DA1. Compilers¶
Statement¶
In your own words, describe the steps of compilation described by Niklaus Wirth in his 2005 text “Compiler Construction”. You must include a description of what a ‘Context Free Grammar’ is, and how it relates to the compilation process.
Answer¶
Computers understand binary, while us humans do not. We tend to write code in a high-level english-like language, which is then compiled into a low-level binary language that the computer can understand. This process is called compilation.
A Compiler (and its similar Interpreter) is a program that takes source code written in a high-level language and converts it into a low-level Intermediate Representation (IR) or machine code. The IR is then converted into machine code by an assembler or another compiler.

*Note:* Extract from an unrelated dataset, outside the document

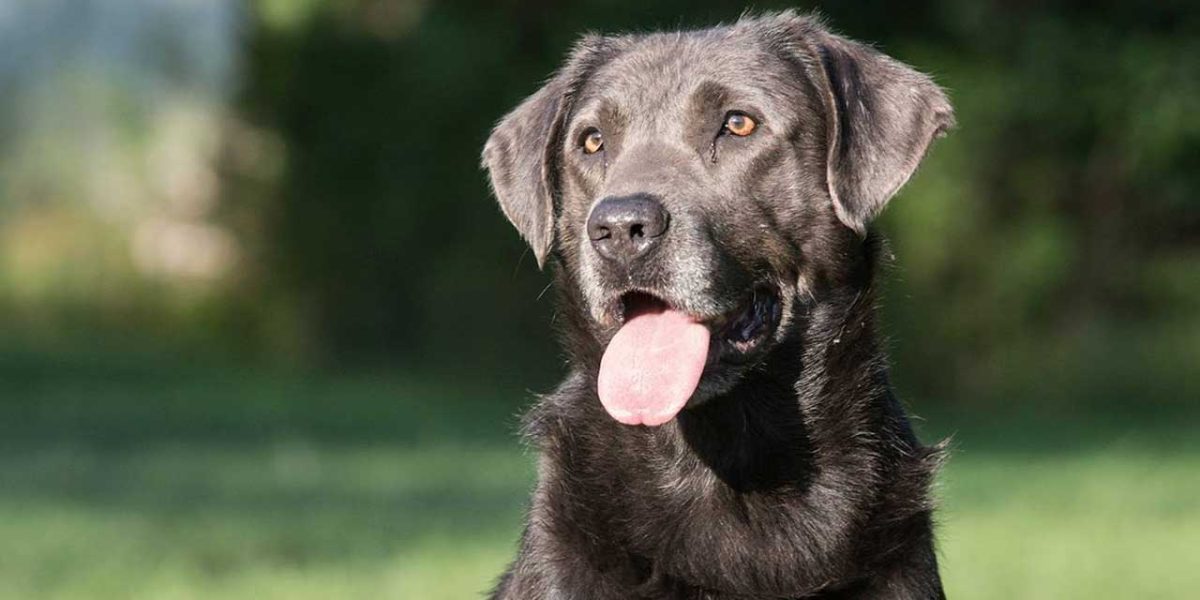 grijze labrador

The language is set of rules for writing programs. The programs themselves consist of sequence of symbols that conforms to the language grammar. The grammar is a set of production or syntactic rules that govern how the symbols can be combined to form valid programs.
Once a program is written, and ordered to run using the appropriate command, the source code is passed to the compiler, the compiler perform few steps on the source until it emits the machine code, which is then executed by the computer. The steps are: Lexical Analysis, Syntax Analysis, Semantic Analysis, Code Generation, and Code Optimization (Wirth, 2017).
1. Lexical Analysis¶
- The input is the source code as a sequence of characters (string).
- The compiler breaks the string into tokens (words) and classifies them into categories (keywords, identifiers, operators, etc).
- The generated set of tokens is then outputted to the next step.
2. Syntax Analysis (Parsing)¶
- The input is the set of tokens generated by the previous step.
- The purpose of this step is to check that order or tokens is correct and conforms to the grammar of the language.
- Any syntax errors are reported to the user at this stage.
- A syntax tree is generated from tokens using a Top-Down or Bottom-Up parsing algorithm.
- The syntax tree is finalized and named an Abstract Syntax Tree (AST), the AST is then passed to the next step.
3. Semantic Analysis (Type Checking)¶
- The input is the AST generated by the previous step.
- There may be numerous steps in this stage, but the main purpose is to check that the program is semantically correct which means confirming that all operations are allowed by checking the types of the operands and the result of the operation.
- Any semantic errors (e.g. summing a string with an integer) are reported to the user at this stage.
- The AST is annotated with type information and passed to the next step.
4. Code Generation¶
- The input is the annotated AST generated by the previous step.
- The purpose of this step is to generate the machine code that the computer can understand.
- If the compiler is able to generate machine code directly, then the AST is converted to an executable and all done.
- If the compiler is not able to generate machine code directly, then the AST is converted into an Intermediate Representation (IR) which is then passed to another compiler (usually assembler) to generate the machine code.
The set of production rules are described as Context Free which is -according to Avaram Noam Chomsky- any LHS (left-hand side) non-terminal can be replaced by any RHS (right-hand side) sequence of terminals and non-terminals; and this replacement should be correct whenever a non-terminal appears in the RHS (or LHS) of a production rule (Wirth, 2017). For example, the following grammar is context free: S -> ab; a -> 1,2,3; b -> 4,5,6;
so that S
can be replaced by ab
and a
can be replaced by 1,2,3
and b
can be replaced by 4,5,6
.
References¶
- Wirth N. (2017). Compiler Construction. https://people.inf.ethz.ch/wirth/CompilerConstruction/CompilerConstruction1.pdf
- Ben-Ari, M. (2006). Understanding programming languages. Weizman Institute of Science. Chapter 3: Programming Environments.